My terminology might not be 100% correct, but I hope you can understand me. I am not a native English speaker and I live in a coutry where English is rarely spoken.
Now my questions:
How deep has the mine to be so that the air pressure at the bottom be exactly 2 atm, while on the surface of the mine, on the sea level, there is exactly 1 atm pressure? What temperature would there be on the bottom of this mine if the temperature outside is +15 C?
This is not a homework question (I am 73 years old), I simply don't know how to calculate this. If, apart form the pure results of the calculation, you could provide me with some equations that could help me understand how this is calculated, I would be really grateful.

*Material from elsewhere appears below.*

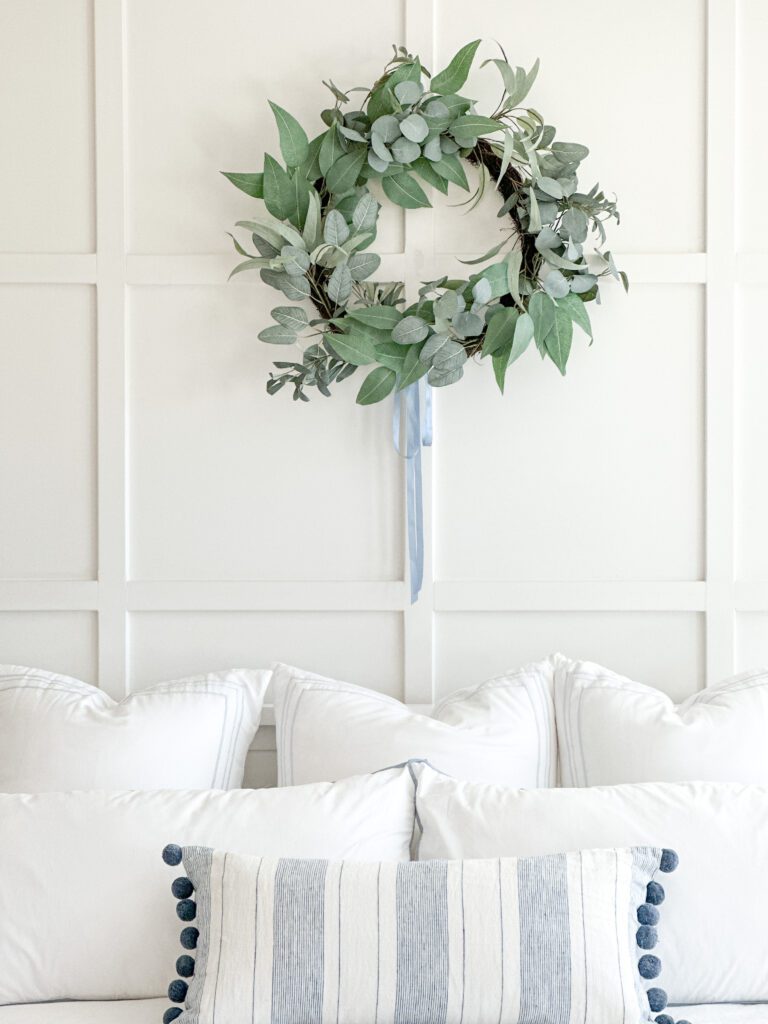 3 Simple Ways to Bring Spring Touches into the Bedroom | Spring flowers | Spring throws and pillows | Spring decor ideas | Spring home tour | spring books | bedroom decor ideas | new bedroom quilt | new bedroom bedding ideas | main bedroom inspiration | grief pillows | memorial pillows | make a pillow out of a loved ones t-shirt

Thank you and all the best to you,
Hello. Actually, your command of English is superior to many people I meet here. In the atmosphere, this is a fairly well-understood calculation (matched with measurement) that results in what is known as the adiabatic lapse rate. Your problem is somewhat more complex, becuase you're talking about going below the surface of the Earth. In any such environment, temperature will be determined by the surrounding material in a practical (well, not very practical) situation like you describe.

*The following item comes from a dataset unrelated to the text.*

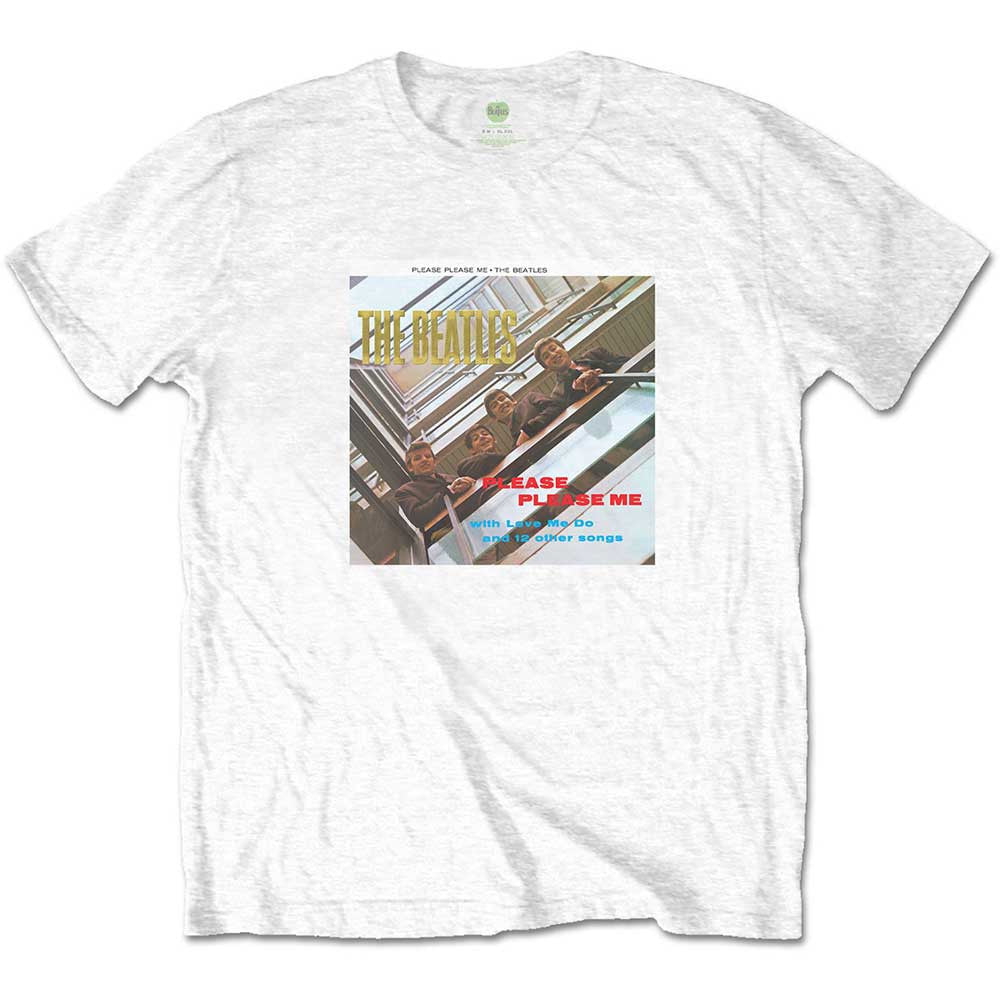 THE BEATLES - (来日 60周年 ) - Please Please Me Gold Foiled / Embellished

If you want to make some further (mostly correct) simplifying assumption, you can simplify this greatly. That assumption is that since you're only going to 2 atm, you're probably not going that deep relative to the Earth's radius. This means you can ignore the slightly lower gravity. Using either the adiabat I saw for dry air on wikipedia (an emagram that I used to go to 50% atmospheric, since doubling going down should be the same as going to 50% while going up) or this calculator: http://www.altitude.org/air_pressure.php
I get the same answer. The adiabatic lapse rate chart indicates that you will achieve such a pressure at approximately 6500m deep (almost exactly 1/1000th of the radius of the Earth). The calculator says -6700m. I used a couple quick tricks to extrapolate almost exactly the same result from engineeringtoolbox.com's data, which goes smoothly down to -1500m and seems to be consistent.
Based on surface temperatures around 15 degrees C, and using another type of lapse rate calculator here: http://www.shodor.org/os411/courses/_master/tools/calculators/lapserate/
we result in a temperature of nearly 80 C...that's quite warm for humans to survive in. It's perhaps possible in the deep ocean in a giant closed-ended tube where the water temperatures could cool the environment, but the resultant heat flow into the tube and out into the water would seriously mess with the adiabatic conditions. That's when things get nearly impossibly complex, I might only think of being given such a problem in an advanced graduate thermodynamics course as pure conjecture. But below what is known as the thermocline in the ocean, temperatures hover just a few degrees above 0 C. It would be much hotter as an actual well, where temperatures (oil company data is abundant on this subject with a quick search) increase at about 29 C/km depth.
Hope that helps.